Norris, S. C. P.; Hu, J. K.; Shubin, N. H.

For decades, biologists have relied on confocal microscopy to understand cellular morphology and the fine details of tissue structure. However, traditional confocal microscopy of tissues have limited penetration depths of light ~ 100 microns due to tissue opaqueness. Researchers have, thus, developed tissue clearing protocols to be used with confocal microscopy, however, current clearing protocols are not compatible with labels of cell boundaries, especially at high enough resolution to precisely segment individual cells. In this work, we devise a method to retain markers of cell boundaries, and refractive index-match the tissues with water to enable tissue imaging at high magnification using long working distance water dipping objectives.

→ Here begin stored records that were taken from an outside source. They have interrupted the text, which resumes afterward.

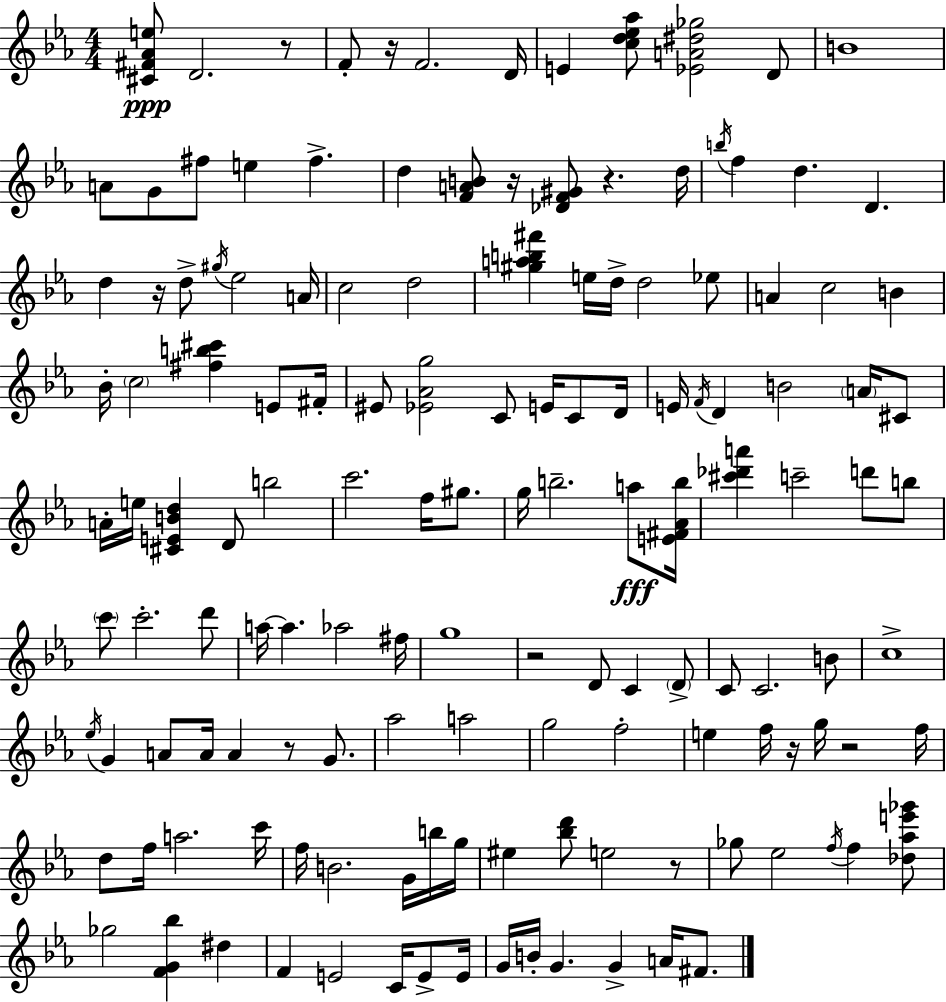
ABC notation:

X:1
T:Untitled
M:4/4
L:1/4
K:Eb
[^C^F_Ae]/2 D2 z/2 F/2 z/4 F2 D/4 E [cd_e_a]/2 [_EA^d_g]2 D/2 B4 A/2 G/2 ^f/2 e ^f d [FAB]/2 z/4 [_DF^G]/2 z d/4 b/4 f d D d z/4 d/2 ^g/4 _e2 A/4 c2 d2 [^gab^f'] e/4 d/4 d2 _e/2 A c2 B _B/4 c2 [^fb^c'] E/2 ^F/4 ^E/2 [_E_Ag]2 C/2 E/4 C/2 D/4 E/4 F/4 D B2 A/4 ^C/2 A/4 e/4 [^CEBd] D/2 b2 c'2 f/4 ^g/2 g/4 b2 a/2 [E^F_Ab]/4 [^c'_d'a'] c'2 d'/2 b/2 c'/2 c'2 d'/2 a/4 a _a2 ^f/4 g4 z2 D/2 C D/2 C/2 C2 B/2 c4 _e/4 G A/2 A/4 A z/2 G/2 _a2 a2 g2 f2 e f/4 z/4 g/4 z2 f/4 d/2 f/4 a2 c'/4 f/4 B2 G/4 b/4 g/4 ^e [_bd']/2 e2 z/2 _g/2 _e2 f/4 f [_d_ae'_g']/2 _g2 [FG_b] ^d F E2 C/4 E/2 E/4 G/4 B/4 G G A/4 ^F/2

The sub-micron resolution of these images allows us to automatically segment each individual cell using a trained neural network segmentation model. These segmented images can then be utilized to quantify cell properties and morphology of the entire three-dimensional tissue. As an example application, we first test our methodology on mandibles of mutant mice that express fluorescent proteins in their membranes. We then examine a non-model animal, the catshark, and explore the cellular properties of their dental lamina and dermal denticles, which are invaginating and evaginating ectodermal structures, respectively. We, thus, demonstrate that the technique presented here provides a powerful tool to quantify, in high-throughput, the 3D structures of cells and tissues during organ morphogenesis.